## Web page caption snippets
- Opening Delimiter -
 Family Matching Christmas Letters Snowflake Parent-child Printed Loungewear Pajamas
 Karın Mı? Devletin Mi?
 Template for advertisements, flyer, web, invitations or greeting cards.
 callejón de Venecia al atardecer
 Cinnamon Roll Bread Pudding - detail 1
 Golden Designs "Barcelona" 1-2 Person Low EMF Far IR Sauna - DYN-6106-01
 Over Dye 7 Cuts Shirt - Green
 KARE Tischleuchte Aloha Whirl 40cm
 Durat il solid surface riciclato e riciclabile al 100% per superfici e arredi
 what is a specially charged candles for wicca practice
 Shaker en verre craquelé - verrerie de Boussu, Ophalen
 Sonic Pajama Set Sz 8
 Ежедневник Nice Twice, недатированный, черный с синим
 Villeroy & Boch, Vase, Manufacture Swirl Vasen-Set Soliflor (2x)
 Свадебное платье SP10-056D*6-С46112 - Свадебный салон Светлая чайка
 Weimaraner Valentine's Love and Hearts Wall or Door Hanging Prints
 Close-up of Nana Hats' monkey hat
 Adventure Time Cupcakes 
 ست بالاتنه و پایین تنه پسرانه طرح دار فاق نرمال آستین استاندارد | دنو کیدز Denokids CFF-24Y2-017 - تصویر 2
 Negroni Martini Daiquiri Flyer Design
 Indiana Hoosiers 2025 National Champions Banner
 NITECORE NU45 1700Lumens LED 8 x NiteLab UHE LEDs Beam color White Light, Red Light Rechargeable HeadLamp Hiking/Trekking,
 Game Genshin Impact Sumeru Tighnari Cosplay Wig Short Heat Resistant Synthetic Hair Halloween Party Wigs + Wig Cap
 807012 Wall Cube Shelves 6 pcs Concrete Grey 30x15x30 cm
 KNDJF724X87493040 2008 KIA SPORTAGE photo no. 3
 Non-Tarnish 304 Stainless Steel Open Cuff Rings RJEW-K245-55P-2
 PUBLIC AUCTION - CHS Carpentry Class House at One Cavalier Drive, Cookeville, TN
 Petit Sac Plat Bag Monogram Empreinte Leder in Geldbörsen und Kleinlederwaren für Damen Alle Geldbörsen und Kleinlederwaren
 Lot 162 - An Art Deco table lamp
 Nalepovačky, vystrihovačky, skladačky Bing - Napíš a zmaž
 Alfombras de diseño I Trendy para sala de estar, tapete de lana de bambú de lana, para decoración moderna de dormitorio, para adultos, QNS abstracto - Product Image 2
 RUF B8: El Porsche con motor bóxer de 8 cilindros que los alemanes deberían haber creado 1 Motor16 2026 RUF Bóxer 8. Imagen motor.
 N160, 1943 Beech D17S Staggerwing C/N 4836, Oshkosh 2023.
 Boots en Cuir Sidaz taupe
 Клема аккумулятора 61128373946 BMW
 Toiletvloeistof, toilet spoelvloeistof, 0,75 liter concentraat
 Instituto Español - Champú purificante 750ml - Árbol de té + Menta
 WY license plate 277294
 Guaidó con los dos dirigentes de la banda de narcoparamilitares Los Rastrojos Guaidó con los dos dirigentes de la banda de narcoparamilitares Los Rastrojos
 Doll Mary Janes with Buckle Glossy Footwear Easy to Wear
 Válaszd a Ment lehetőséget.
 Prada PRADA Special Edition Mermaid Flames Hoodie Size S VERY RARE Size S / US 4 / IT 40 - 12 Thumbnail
- Closing Delimiter -
## YOUR GOAL
Could you return exactly the lines above from the line with "Game Genshin Impact" to the line with "KNDJF724X87493040 2008 KIA", both included, and nothing else?

## RESPONSE FOR THIS EXERCISE
 Game Genshin Impact Sumeru Tighnari Cosplay Wig Short Heat Resistant Synthetic Hair Halloween Party Wigs + Wig Cap
 807012 Wall Cube Shelves 6 pcs Concrete Grey 30x15x30 cm
 KNDJF724X87493040 2008 KIA SPORTAGE photo no. 3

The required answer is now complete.